Supplied data —

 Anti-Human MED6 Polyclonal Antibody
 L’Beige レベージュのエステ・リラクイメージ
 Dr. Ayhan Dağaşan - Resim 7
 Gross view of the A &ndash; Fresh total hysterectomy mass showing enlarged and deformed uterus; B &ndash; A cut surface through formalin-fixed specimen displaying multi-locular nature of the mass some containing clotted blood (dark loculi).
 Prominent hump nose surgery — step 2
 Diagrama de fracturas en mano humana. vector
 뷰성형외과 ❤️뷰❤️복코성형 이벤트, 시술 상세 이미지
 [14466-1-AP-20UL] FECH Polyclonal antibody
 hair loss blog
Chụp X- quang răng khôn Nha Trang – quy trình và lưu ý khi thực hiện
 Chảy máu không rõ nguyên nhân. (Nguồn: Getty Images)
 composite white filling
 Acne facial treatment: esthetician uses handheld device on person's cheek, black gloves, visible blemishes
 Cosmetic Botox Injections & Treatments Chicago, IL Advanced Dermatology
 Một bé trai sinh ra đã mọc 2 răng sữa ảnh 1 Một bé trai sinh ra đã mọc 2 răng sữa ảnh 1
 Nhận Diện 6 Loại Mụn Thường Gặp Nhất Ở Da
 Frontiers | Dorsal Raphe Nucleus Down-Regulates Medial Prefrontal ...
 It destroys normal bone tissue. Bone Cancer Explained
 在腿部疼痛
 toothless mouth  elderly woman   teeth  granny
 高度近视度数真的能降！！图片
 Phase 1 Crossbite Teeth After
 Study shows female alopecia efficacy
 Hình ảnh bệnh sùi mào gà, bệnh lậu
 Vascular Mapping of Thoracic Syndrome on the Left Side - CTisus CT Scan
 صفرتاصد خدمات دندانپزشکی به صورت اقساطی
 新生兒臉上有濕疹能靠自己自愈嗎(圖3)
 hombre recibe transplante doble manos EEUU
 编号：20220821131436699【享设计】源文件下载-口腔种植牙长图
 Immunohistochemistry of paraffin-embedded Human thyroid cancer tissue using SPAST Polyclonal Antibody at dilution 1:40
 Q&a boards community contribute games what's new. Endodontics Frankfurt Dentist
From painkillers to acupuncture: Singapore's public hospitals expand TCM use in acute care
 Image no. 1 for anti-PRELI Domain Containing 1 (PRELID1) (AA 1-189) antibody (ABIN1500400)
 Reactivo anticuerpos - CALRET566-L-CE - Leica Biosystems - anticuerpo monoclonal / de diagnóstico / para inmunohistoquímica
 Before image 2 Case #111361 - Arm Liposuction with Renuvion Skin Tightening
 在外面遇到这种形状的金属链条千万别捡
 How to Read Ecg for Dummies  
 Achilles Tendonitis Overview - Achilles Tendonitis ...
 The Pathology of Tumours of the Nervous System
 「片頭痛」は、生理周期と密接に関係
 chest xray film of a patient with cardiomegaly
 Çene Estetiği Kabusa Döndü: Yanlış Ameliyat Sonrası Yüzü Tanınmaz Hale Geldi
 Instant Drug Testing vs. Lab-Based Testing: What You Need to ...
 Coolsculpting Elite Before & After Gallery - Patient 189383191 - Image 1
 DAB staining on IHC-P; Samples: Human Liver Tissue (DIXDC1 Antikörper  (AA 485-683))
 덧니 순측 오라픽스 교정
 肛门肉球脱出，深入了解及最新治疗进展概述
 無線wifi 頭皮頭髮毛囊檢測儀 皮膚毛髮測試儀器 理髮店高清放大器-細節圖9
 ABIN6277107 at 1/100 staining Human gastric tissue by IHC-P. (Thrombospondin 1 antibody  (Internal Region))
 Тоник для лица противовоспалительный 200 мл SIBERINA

Your goal — After reading the entries, reproduce every one of them exactly.

Task answer —
 Anti-Human MED6 Polyclonal Antibody
 L’Beige レベージュのエステ・リラクイメージ
 Dr. Ayhan Dağaşan - Resim 7
 Gross view of the A &ndash; Fresh total hysterectomy mass showing enlarged and deformed uterus; B &ndash; A cut surface through formalin-fixed specimen displaying multi-locular nature of the mass some containing clotted blood (dark loculi).
 Prominent hump nose surgery — step 2
 Diagrama de fracturas en mano humana. vector
 뷰성형외과 ❤️뷰❤️복코성형 이벤트, 시술 상세 이미지
 [14466-1-AP-20UL] FECH Polyclonal antibody
 hair loss blog
Chụp X- quang răng khôn Nha Trang – quy trình và lưu ý khi thực hiện
 Chảy máu không rõ nguyên nhân. (Nguồn: Getty Images)
 composite white filling
 Acne facial treatment: esthetician uses handheld device on person's cheek, black gloves, visible blemishes
 Cosmetic Botox Injections & Treatments Chicago, IL Advanced Dermatology
 Một bé trai sinh ra đã mọc 2 răng sữa ảnh 1 Một bé trai sinh ra đã mọc 2 răng sữa ảnh 1
 Nhận Diện 6 Loại Mụn Thường Gặp Nhất Ở Da
 Frontiers | Dorsal Raphe Nucleus Down-Regulates Medial Prefrontal ...
 It destroys normal bone tissue. Bone Cancer Explained
 在腿部疼痛
 toothless mouth  elderly woman   teeth  granny
 高度近视度数真的能降！！图片
 Phase 1 Crossbite Teeth After
 Study shows female alopecia efficacy
 Hình ảnh bệnh sùi mào gà, bệnh lậu
 Vascular Mapping of Thoracic Syndrome on the Left Side - CTisus CT Scan
 صفرتاصد خدمات دندانپزشکی به صورت اقساطی
 新生兒臉上有濕疹能靠自己自愈嗎(圖3)
 hombre recibe transplante doble manos EEUU
 编号：20220821131436699【享设计】源文件下载-口腔种植牙长图
 Immunohistochemistry of paraffin-embedded Human thyroid cancer tissue using SPAST Polyclonal Antibody at dilution 1:40
 Q&a boards community contribute games what's new. Endodontics Frankfurt Dentist
From painkillers to acupuncture: Singapore's public hospitals expand TCM use in acute care
 Image no. 1 for anti-PRELI Domain Containing 1 (PRELID1) (AA 1-189) antibody (ABIN1500400)
 Reactivo anticuerpos - CALRET566-L-CE - Leica Biosystems - anticuerpo monoclonal / de diagnóstico / para inmunohistoquímica
 Before image 2 Case #111361 - Arm Liposuction with Renuvion Skin Tightening
 在外面遇到这种形状的金属链条千万别捡
 How to Read Ecg for Dummies  
 Achilles Tendonitis Overview - Achilles Tendonitis ...
 The Pathology of Tumours of the Nervous System
 「片頭痛」は、生理周期と密接に関係
 chest xray film of a patient with cardiomegaly
 Çene Estetiği Kabusa Döndü: Yanlış Ameliyat Sonrası Yüzü Tanınmaz Hale Geldi
 Instant Drug Testing vs. Lab-Based Testing: What You Need to ...
 Coolsculpting Elite Before & After Gallery - Patient 189383191 - Image 1
 DAB staining on IHC-P; Samples: Human Liver Tissue (DIXDC1 Antikörper  (AA 485-683))
 덧니 순측 오라픽스 교정
 肛门肉球脱出，深入了解及最新治疗进展概述
 無線wifi 頭皮頭髮毛囊檢測儀 皮膚毛髮測試儀器 理髮店高清放大器-細節圖9
 ABIN6277107 at 1/100 staining Human gastric tissue by IHC-P. (Thrombospondin 1 antibody  (Internal Region))
 Тоник для лица противовоспалительный 200 мл SIBERINA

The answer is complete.